On Thu, Jul 18, 2024 at 7:36 PM Shakeel Butt <shakeel.butt@xxxxxxxxx> wrote:
>
> On Thu, Jul 18, 2024 at 08:26:11PM GMT, Pasha Tatashin wrote:
> [...]
> > diff --git a/include/linux/sched/task_stack.h b/include/linux/sched/task_stack.h
> > index ccd72b978e1f..65e8c9fb7f9b 100644
> > --- a/include/linux/sched/task_stack.h
> > +++ b/include/linux/sched/task_stack.h
> > @@ -95,9 +95,51 @@ static inline int object_is_on_stack(const void *obj)
> > extern void thread_stack_cache_init(void);
> >
> > #ifdef CONFIG_DEBUG_STACK_USAGE
> > +#ifdef CONFIG_VM_EVENT_COUNTERS
> > +#include <linux/vm_event_item.h>
> > +
> > +/* Count the maximum pages reached in kernel stacks */
> > +static inline void kstack_histogram(unsigned long used_stack)
>
> Any specific reason to add this function in header?

For performance reasons to keep it inlined into stack_not_used() which
is also defined as inline function in this header.

>
> > +{
> > + if (used_stack <= 1024)
> > + this_cpu_inc(vm_event_states.event[KSTACK_1K]);
>
> Why not count_vm_event(KSTACK_1K)? Avoiding header include recursion?
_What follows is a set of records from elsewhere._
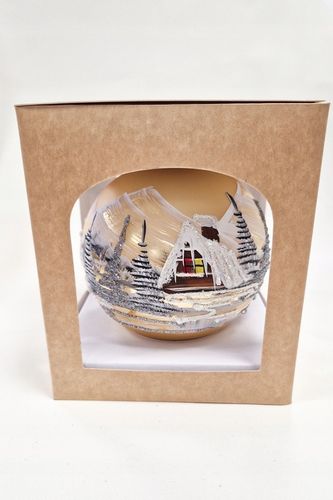 Ręcznie Malowana Bombka na Stojaku z Pejzażem Zimowym Mała 80 na Arena.pl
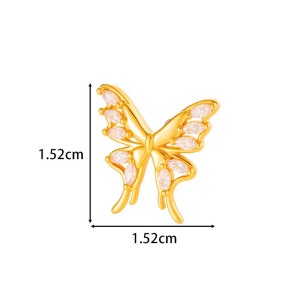 Boucle D'Oreille Piercing Papillon En Cuivre Doré Et Zircon h5 Image2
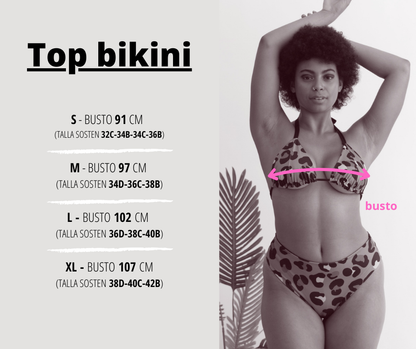 Top Bikini peto Brazil Tigre azul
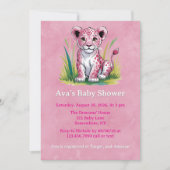 Pink Lion Girl Baby Shower 招待状 (正面)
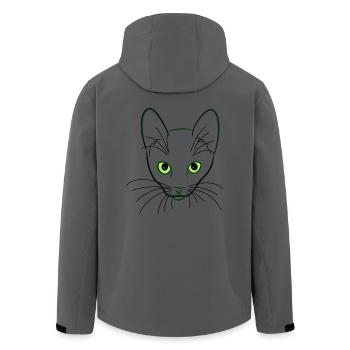 Katze - Recycelte Männer Softshell-Jacke von Stanley/Stella - Anthrazit - Hinten - AI Model Male 185 light (185cm)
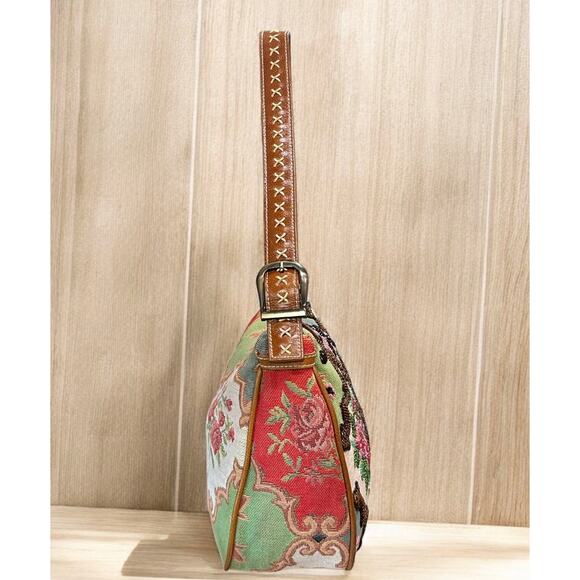 Vintage Isabella Fiore Floral Brocade Beaded Leila-Marissa Hobo Bag - Picture 3 of 11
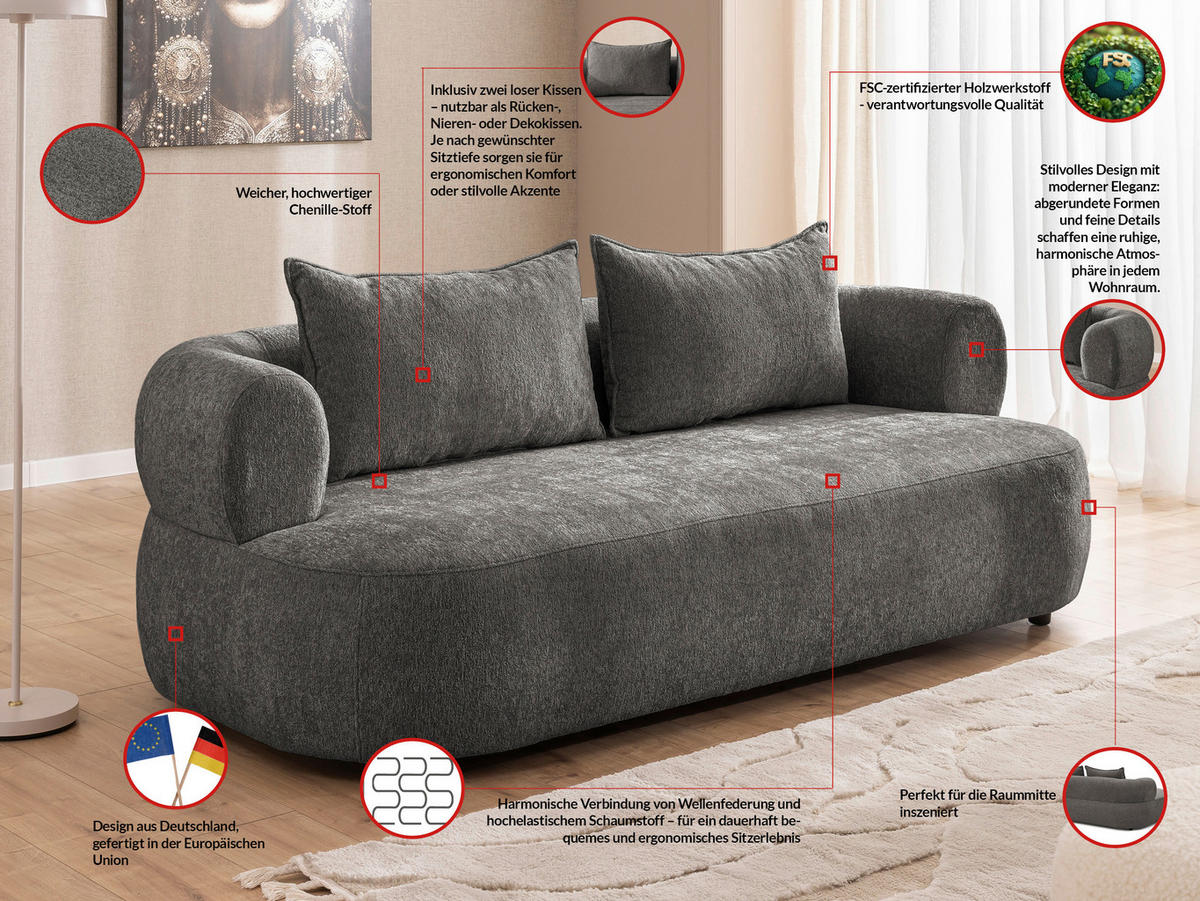 3-SITZER-SOFA Chenille Anthrazit  - Anthrazit/Schwarz, Design, Kunststoff/Textil (200/76/96cm) - Livetastic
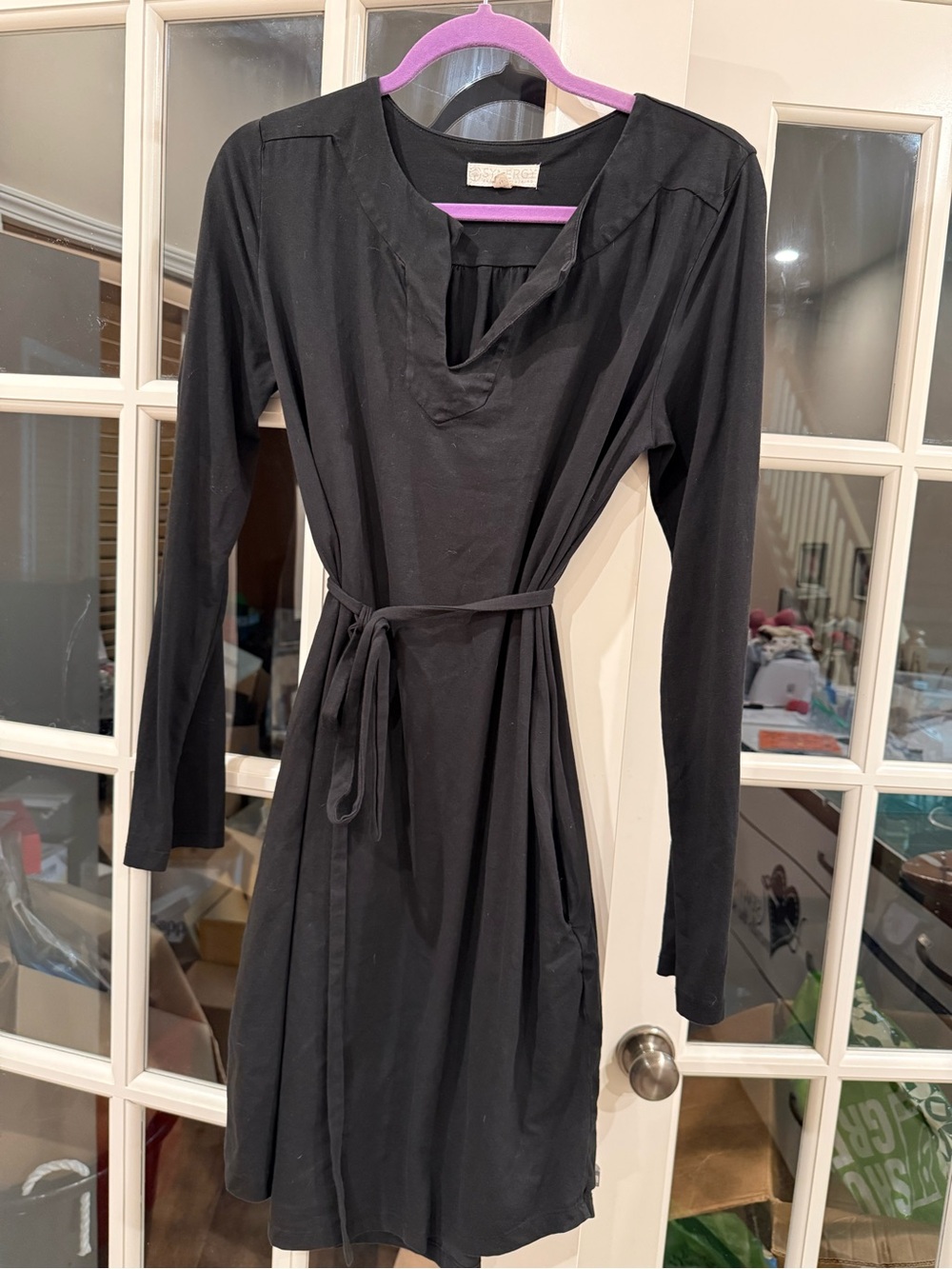 Black Long-Sleeve Tie-Waist Dress - Women synergy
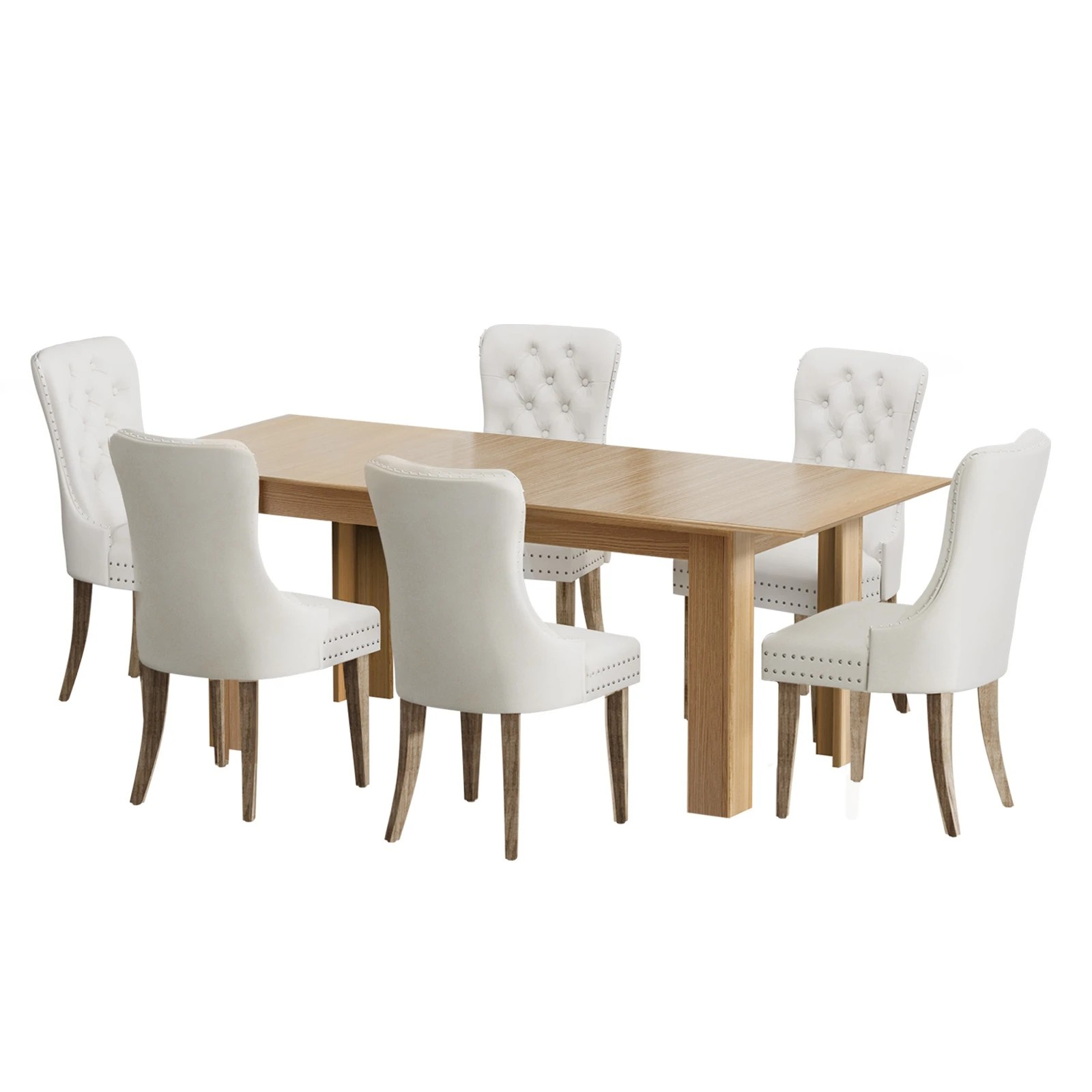 1 Oikiture 200cm Extendable Dining Table With 6pcs Dining Chairs Velvet
 - Multi, 1 of 10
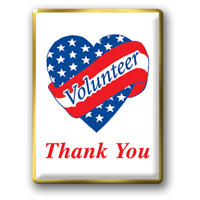 In Stock Patriotic Volunteer Pin / Our famous “Volunteer Heart” theme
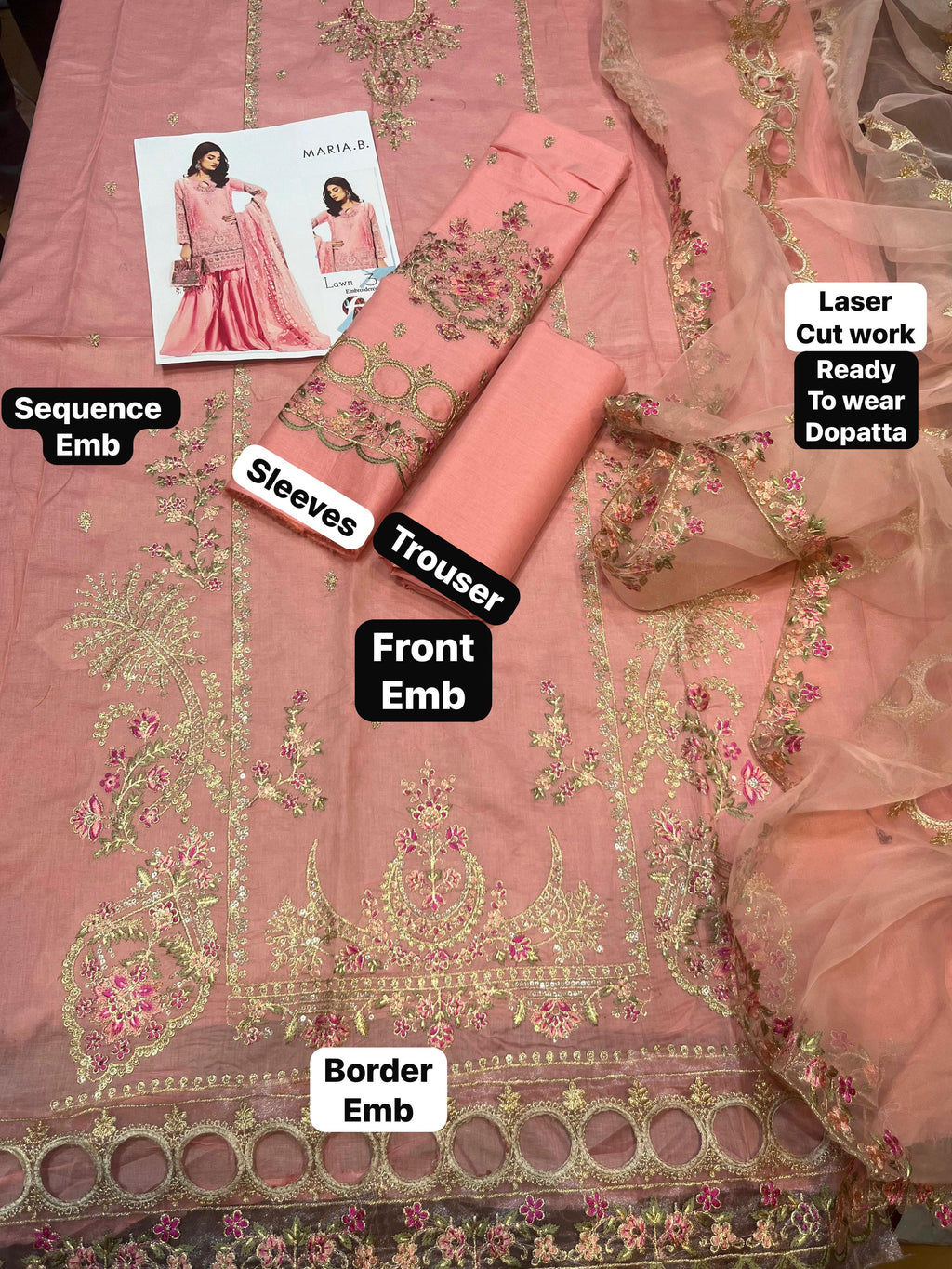 EMBROIDERY 3 PIECE LOWN UNSTITCHED SUIT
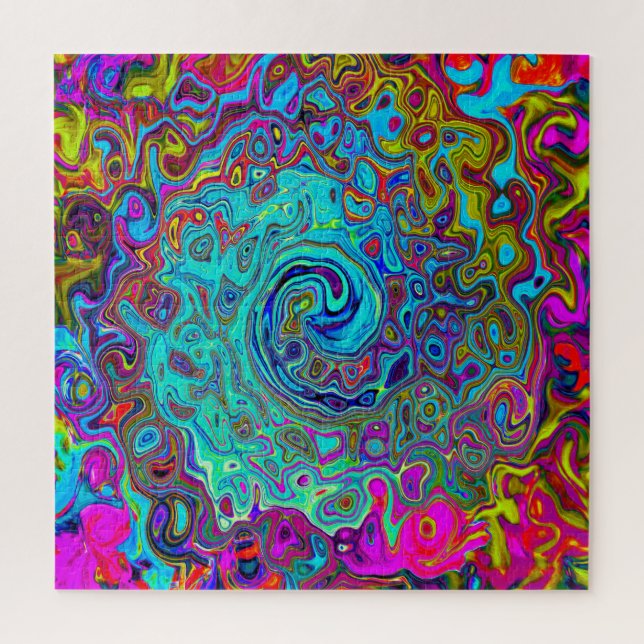Puzzle Trippy Sky Blue Abstract Retro Liquid Swirl (Vertical)
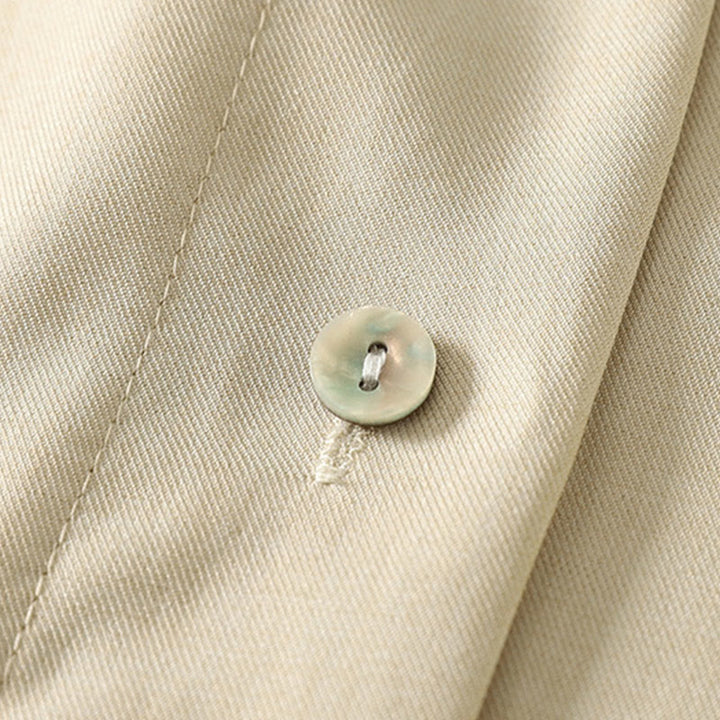 Buddha Stones Plain Lace-up Long Sleeve Half Buttons Design High Neck Women's Cotton Midi Dress With Pockets - image 5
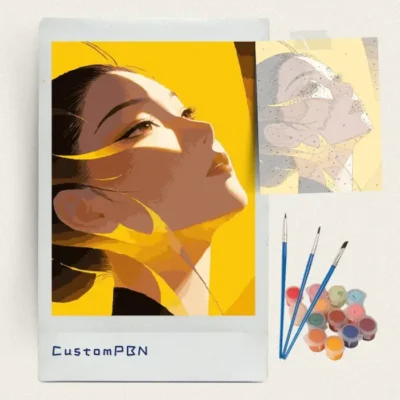 Woman in golden light paint by numbers kit with brushes, paints and numbered canvas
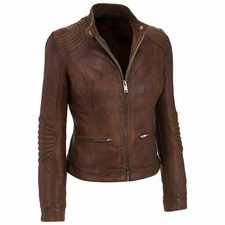 Women Cafe Racer Moto Biker Distressed Brown Vintage Real Leather Jacket picture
I could not include "linux/vmstat.h" into "linux/sched/task_stack.h"
because it introduces some dependencies such linux/mm.h and
linux/fs.h, uapi/linux/stat.h, and when all of those are added it
still fails to compile on some architectures, so it was just simpler
to stop resolving the conflicts and use this_cpu_inc() directly.

>
> > +#if THREAD_SIZE > 1024
> > + else if (used_stack <= 2048)
> > + this_cpu_inc(vm_event_states.event[KSTACK_2K]);
> > +#endif
> > +#if THREAD_SIZE > 2048
> > + else if (used_stack <= 4096)
> > + this_cpu_inc(vm_event_states.event[KSTACK_4K]);
> > +#endif
> > +#if THREAD_SIZE > 4096
> > + else if (used_stack <= 8192)
> > + this_cpu_inc(vm_event_states.event[KSTACK_8K]);
> > +#endif
> > +#if THREAD_SIZE > 8192
> > + else if (used_stack <= 16384)
> > + this_cpu_inc(vm_event_states.event[KSTACK_16K]);
> > +#endif
> > +#if THREAD_SIZE > 16384
> > + else if (used_stack <= 32768)
> > + this_cpu_inc(vm_event_states.event[KSTACK_32K]);
> > +#endif
> > +#if THREAD_SIZE > 32768
> > + else if (used_stack <= 65536)
> > + this_cpu_inc(vm_event_states.event[KSTACK_64K]);
> > +#endif
> > +#if THREAD_SIZE > 65536
> > + else
> > + this_cpu_inc(vm_event_states.event[KSTACK_REST]);
> > +#endif
> > +}
> > +#else /* !CONFIG_VM_EVENT_COUNTERS */
> > +static inline void kstack_histogram(unsigned long used_stack) {}
> > +#endif /* CONFIG_VM_EVENT_COUNTERS */
> > +
> > static inline unsigned long stack_not_used(struct task_struct *p)
> > {
> > unsigned long *n = end_of_stack(p);
> > + unsigned long unused_stack;
> >
> > do { /* Skip over canary */
> > # ifdef CONFIG_STACK_GROWSUP
> > @@ -108,10 +150,13 @@ static inline unsigned long stack_not_used(struct task_struct *p)
> > } while (!*n);
> >
> > # ifdef CONFIG_STACK_GROWSUP
> > - return (unsigned long)end_of_stack(p) - (unsigned long)n;
> > + unused_stack = (unsigned long)end_of_stack(p) - (unsigned long)n;
> > # else
> > - return (unsigned long)n - (unsigned long)end_of_stack(p);
> > + unused_stack = (unsigned long)n - (unsigned long)end_of_stack(p);
> > # endif
> > + kstack_histogram(THREAD_SIZE - unused_stack);
> > +
> > + return unused_stack;
> > }
> > #endif
> > extern void set_task_stack_end_magic(struct task_struct *tsk);
>